When Moses and Zipporah return to Egypt, Nikondeha envisions them encountering a Nile Network of neighbors from two sides of the river, linking Hebrew and Egyptian women in a network that resists Pharaoh. It is this network that leads to the Hebrew women gaining access to Egyptian good for the exodus. This invites us to consider the freeing power of neighborliness.

Finally, we come to a chapter titled "Descendants of Miriam." Here she reminds us that Miriam was a partner with her brothers in leading Israel out of Egypt. Nikondeha pictures Miriam leading the singing and dancing as the Hebrews crossed through the Reed Sea. While Moses may have led the singing, Nikondeha notes that there is good reason to believe that it was Miriam who wrote the songs. Along the way she played the drums. Miriam, as noted here, is the first woman to be declared a prophet. She is the forerunner of those who beat the drums of freedom in the ages to come.

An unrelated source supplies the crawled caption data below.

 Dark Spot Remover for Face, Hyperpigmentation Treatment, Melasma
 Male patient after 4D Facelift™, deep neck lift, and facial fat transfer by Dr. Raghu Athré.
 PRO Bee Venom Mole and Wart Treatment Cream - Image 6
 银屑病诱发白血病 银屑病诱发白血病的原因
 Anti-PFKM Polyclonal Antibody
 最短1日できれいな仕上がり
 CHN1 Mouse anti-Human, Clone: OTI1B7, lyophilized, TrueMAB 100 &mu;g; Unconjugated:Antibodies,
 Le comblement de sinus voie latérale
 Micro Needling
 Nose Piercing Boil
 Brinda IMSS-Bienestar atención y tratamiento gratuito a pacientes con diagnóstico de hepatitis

This is one of those books, along with Debbie Blue’s recently published book Consider the Women, which I also found to be beautifully written, that will open one's eyes to the broader movements of scripture, bringing forth persons who normally are left in the background, giving them a voice in the story. As a good storyteller, she knows how to weave ancient and modern stories into a compelling narrative. She draws you into the narratives, both the biblical and the personal, opening your eyes to parts of the story you might not have noticed before. She fills gaps in the story, interpreting, faithfully I believe, the fuller story. If you’re reading this review, hopefully, you will be convinced of your need to read this book. You can read it for yourself. You might even want to read it in groups. With that in mind, the publisher has provided a study guide. I can assure you that you will never read the Exodus story the same again after you read it through this lens. I also expect you will use the tools provided here to pay attention to the women who appear in other biblical stories, noting their strength of character and the power of their faith in God. So, take and read Kelley Nidondeha's Defiant. You won’t be sorry!